12.11.14

O cidadão (já não quer ser) exemplar

LCD Soundsystem, "I Can Change" (live at Jools Holland), in https://www.youtube.com/watch?v=q-G1NltxNqE
Mudar deixa cicatrizes. É um abalo telúrico. Sobram escombros e promessas de reconstrução. Pela frente, a vastidão da diferença. Há quem lide mal. É uma aventura. É como passar o corpo por entre um túnel estreito. Os que sofrem com a exiguidade, não arriscam. Mudar pode ser o extermínio.
Ele mudara. Ao cabo de uns tempos de mudança, começou a interrogar se estava preparado para ser a mudança do que sempre se conhecera. De resto, pelos cânones da normalidade, os sinais da transfiguração eram recomendáveis por gente bem posta. Ele próprio sentia-se (por assim dizer) apaziguado. Já não se sobressaltava com as facas interiores que se jogavam, num jogo aleatório, contra quem viesse (enquanto dormia). Às vezes, contra ele próprio.

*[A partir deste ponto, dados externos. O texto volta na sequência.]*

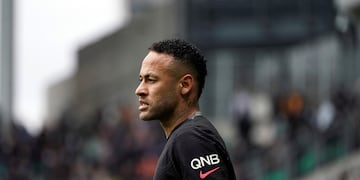 Neymar estuvo de fiesta luego de su impactante lesión con el PSG.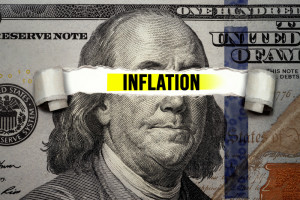 Inflacyjna galopada nie zatrzyma się szybko. Przedsiębiorcy chcą pomocy rządu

Outras feridas foram cinzeladas pela condição de bom cidadão. Havia uma apoplexia latente: era como se sentisse que vestia roupas que não eram dele. Uma impressão ambivalente: a quietude da cidadania exemplar vinha tingida com ventos quase parados, não havia turbulência a apoquentar a alma; ao mesmo tempo, sentia por dentro uma dor que só conseguia explicar por intuir que a exemplar cidadania não era inata. Faltava um chão que se habituara a pisar, pedregoso, instável, escorregadio. O chão que pisava em sendo exemplar cidadão parecia o mar chão que recebe, bondoso, os navios que sulcam os mares.
Talvez fosse imperativo mudar a mudança. Operar por dentro da mudança outra que o trouxesse para fora da exemplar cidadania. Não conseguia conviver com a valsa de falazes sentires que tomava conta das relações entre os exemplares cidadãos. A indumentária do exemplar cidadão não lhe servia a preceito. Era um corpo estranho dentro dessa indumentária. Perdera as rédeas ao irrefreável. Não se convencia das palavras castradas que vêm ao de cima quando as sensibilidades não devem ser amesquinhadas – outro atributo do cidadão exemplar.
Como não conseguia fazer de conta, mudou o que mudara. Não conseguia fazer de conta para fora de si. Mas o mais importante, é que não conseguia ser um engodo para si mesmo. Foi fermentando uma nostalgia da rebeldia impertinente. Ao menos, experimentara a cidadania exemplar. As roupas dele não eram essas.